如何将django Model对象转换为包含所有字段的dict ?理想情况下,所有字段都包含外键和editable=False。

让我详细说明一下。假设我有一个django模型,如下所示:

from django.db import models

class OtherModel(models.Model): pass

class SomeModel(models.Model):
    normal_value = models.IntegerField()
    readonly_value = models.IntegerField(editable=False)
    auto_now_add = models.DateTimeField(auto_now_add=True)
    foreign_key = models.ForeignKey(OtherModel, related_name="ref1")
    many_to_many = models.ManyToManyField(OtherModel, related_name="ref2")

在终端中,我做了以下工作:

other_model = OtherModel()
other_model.save()
instance = SomeModel()
instance.normal_value = 1
instance.readonly_value = 2
instance.foreign_key = other_model
instance.save()
instance.many_to_many.add(other_model)
instance.save()

我想把它转换成下面的字典:

{'auto_now_add': datetime.datetime(2015, 3, 16, 21, 34, 14, 926738, tzinfo=<UTC>),
 'foreign_key': 1,
 'id': 1,
 'many_to_many': [1],
 'normal_value': 1,
 'readonly_value': 2}

回答不满意的问题:

Django:将整个Model对象集转换为单个字典

如何将Django Model对象转换为字典,同时还保留外键?


当前回答

我已经使用下一个函数转换模型到字典

def model_to_dict(obj):
    return {x: obj.__dict__[x] for x in obj.__dict__ if x in {y.column for y in obj._meta.fields}}

例子

{'id': 8985,
 'title': 'Dmitro',
 'email_address': 'it9+8985@localhost',
 'workspace_id': 'it9',
 'archived': False,
 'deleted': False,
 'inbox': False,
 'read': True,
 'created_at': datetime.datetime(2022, 5, 5, 16, 55, 29, 791844, tzinfo=    <UTC>),
 'creator': 'An So',
 'last_message_id': 500566,
 'stat_data': {'count_messages': 1, 'count_attachments': 0},
 'stat_dirty': False,
 'assign_to_id': None,
 'assigned_at': None,
 'assignment_note': None,
 'initial_last_update_ts': 1651769728,
 'renamed_manually': False,
 'unread_timestamp': datetime.datetime(2022, 5, 5, 16, 55, 29, 842507, tzinfo=<UTC>)}

{'id': 6670,
 'email_id': 473962,
 'message_id': 500620,
 'filename': 'Screenshot.png',
 'size': 6076854,
 'mimetype': 'image/png',
 'aws_key': 'dev/RLpdcza46KFpITDWO_kv_fg2732waccB43z5RmT9/Screenshot.png',
 'aws_key1': '',
 'aws_key_thumb': 'dev/iaCdvcZmUKq-gJim7HT33ID46Ng4WOdxx-TdVuIU/f4b0db49-7f2d-4def-bdc1-8e394f98727f.png',
 's3stored_file_id': 4147}

其他回答

我创建了一个小片段,利用django的model_to_dict,但遍历对象的关系。 对于循环依赖项,它终止递归并放入引用依赖项对象的字符串。

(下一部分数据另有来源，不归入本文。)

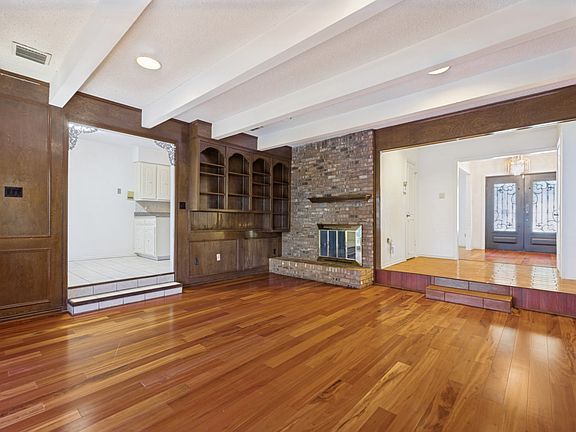 3rd image of 412 Oakmont Ln N Floor 1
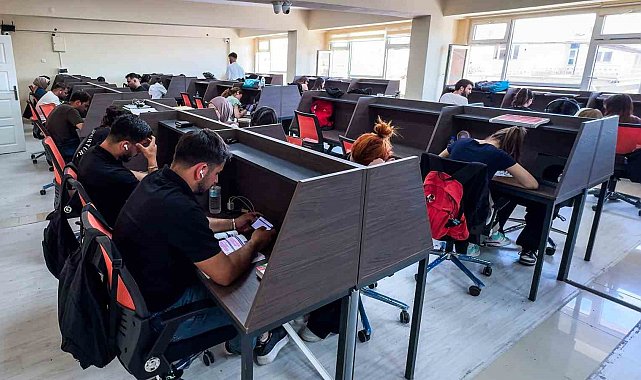 Sınav maratonundaki gençlere Turhal Belediyesi'nden modern çalışma merkezi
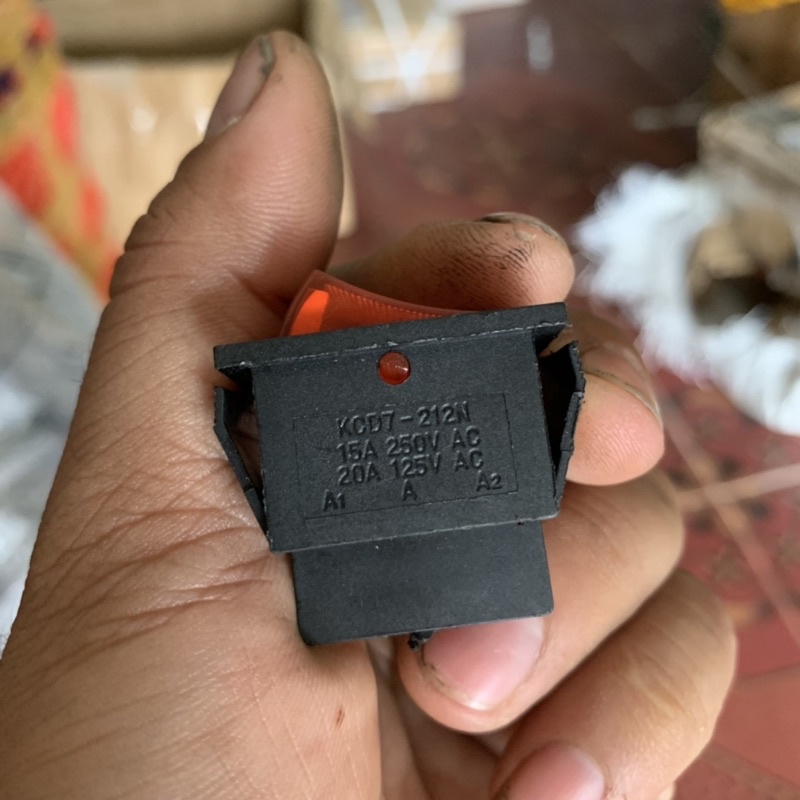 Công Tắc Bập Bênh 2 Chân và 4 Chân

您可以将其扩展为包含不可编辑字段。

我在测试期间使用它来创建模型快照。

from itertools import chain

from django.db.models.fields.files import FileField, ImageField
from django.forms.models import model_to_dict


def get_instance_dict(instance, already_passed=frozenset()):
    """Creates a nested dict version of a django model instance
    Follows relationships recursively, circular relationships are terminated by putting
    a model identificator `{model_name}:{instance.id}`.
    Ignores image and file fields."""
    instance_dict = model_to_dict(
        instance,
        fields=[
            f
            for f in instance._meta.concrete_fields
            if not isinstance(f, (ImageField, FileField))
        ],
    )

    already_passed = already_passed.union(
        frozenset((f"{instance.__class__.__name__}:{instance.id}",))
    )
    # Go through possible relationships
    for field in chain(instance._meta.related_objects, instance._meta.concrete_fields):
        if (
            (field.one_to_one or field.many_to_one)
            and hasattr(instance, field.name)
            and (relation := getattr(instance, field.name))
        ):
            if (
                model_id := f"{relation.__class__.__name__}:{relation.id}"
            ) in already_passed:
                instance_dict[field.name] = model_id
            else:
                instance_dict[field.name] = get_instance_dict(relation, already_passed)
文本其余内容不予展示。